T-Roy, are you SURE there were only 2 of them? Maybe that Lion did part of the job.

From: RBBH
02-Feb-23
12 years ago I purchased 60 acres. Due to habitat improvements and topography, I hold what turkeys are left in the area. The neighbor to the south lets anybody hunt. I dread turkey season. I dont dare take my kids to the best spot to hunt because when it gets daylight, there is usually a gun pointed at us that shouldnt be. I have caught many walking in or out. I take pictures. I am told by the warden to call when I catch em and if he can catch them in the act, he will give tickets. Pictures and statements do nothing. It can be frustrating at times. I did ask if law enforcement would sit with me one morning. I have a full strut gobbler we have used as a decoy in the past. Throw that out and a gobble coming from a speaker would call in the trespassers and make their job easier. They said no..lol.

From: Basil
02-Feb-23
I’ve thought of owning some hunting land for years. I’ve had numerous friends with serious trespassing problems that convinced me otherwise. One guy had kicked some duck hunters off his place. Had his camper up there getting ready to build. Camper got shot to pieces. Another let a neighbor cut hay off his place. He asked to cut some firewood. Gave him very specific instructions where & what he could cut. He showed up unannouy one day & there was a full blown logging operation in there. He kicked them out & the next time he went up there were tracks in the snow up to his gate. A bunch of empty rifle casings were on the ground. His shack was a shouse with sleeping upstairs. His bed was shot full of holes. Someone had to know exactly where he slept. Chilling, some crazy bastards out there.

From: Screwball
02-Feb-23
So may scary encounters, I do not go on our own property without my hand gun or a gun. Had guys try to kick us off our own land, call the sheriff on us for trespassing on our own land, lol.
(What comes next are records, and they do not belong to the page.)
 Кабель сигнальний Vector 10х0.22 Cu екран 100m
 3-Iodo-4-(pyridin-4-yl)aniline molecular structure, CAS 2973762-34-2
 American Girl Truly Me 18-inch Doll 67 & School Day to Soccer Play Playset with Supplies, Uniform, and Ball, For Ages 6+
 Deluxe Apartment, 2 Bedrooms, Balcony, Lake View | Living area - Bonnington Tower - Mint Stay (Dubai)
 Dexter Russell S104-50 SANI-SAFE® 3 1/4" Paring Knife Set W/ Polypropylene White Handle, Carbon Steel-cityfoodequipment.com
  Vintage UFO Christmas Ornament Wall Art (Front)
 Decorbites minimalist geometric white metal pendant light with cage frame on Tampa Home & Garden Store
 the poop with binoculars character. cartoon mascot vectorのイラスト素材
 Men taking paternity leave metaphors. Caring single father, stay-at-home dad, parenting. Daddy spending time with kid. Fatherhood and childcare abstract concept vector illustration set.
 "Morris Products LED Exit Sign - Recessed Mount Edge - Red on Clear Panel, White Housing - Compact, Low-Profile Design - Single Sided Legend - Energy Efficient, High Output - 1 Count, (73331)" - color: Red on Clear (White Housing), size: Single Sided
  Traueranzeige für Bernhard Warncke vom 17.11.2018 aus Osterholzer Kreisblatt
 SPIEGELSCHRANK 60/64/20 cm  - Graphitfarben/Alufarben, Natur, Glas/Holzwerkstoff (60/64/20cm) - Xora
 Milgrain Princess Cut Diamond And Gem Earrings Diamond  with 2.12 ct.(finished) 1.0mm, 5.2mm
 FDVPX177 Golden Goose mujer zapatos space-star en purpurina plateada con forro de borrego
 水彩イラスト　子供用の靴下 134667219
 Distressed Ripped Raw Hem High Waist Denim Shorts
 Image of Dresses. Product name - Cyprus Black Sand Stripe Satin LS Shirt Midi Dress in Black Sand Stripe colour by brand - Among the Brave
The ones that really ticked me off were when they threatened or kicked our kids out of stands or off the land. Pre-cellphones. Have had the sheriff tell us to be careful with certain individuals and they would only go to see them with a partner. As said above some crazy individuals out there.

From: Bigdog 21
03-Feb-23
There are some really foolish people be carefully call the authorities and let them handle it. But before you ever try to hold someone until authorities arrive check the laws. He may get a trespassing ticket , YOU could be arrested for false imprisonment. Are even worse if a gun is involved. he could press charges, are if the authorities didn't like the way you handled it. They could enforce the law.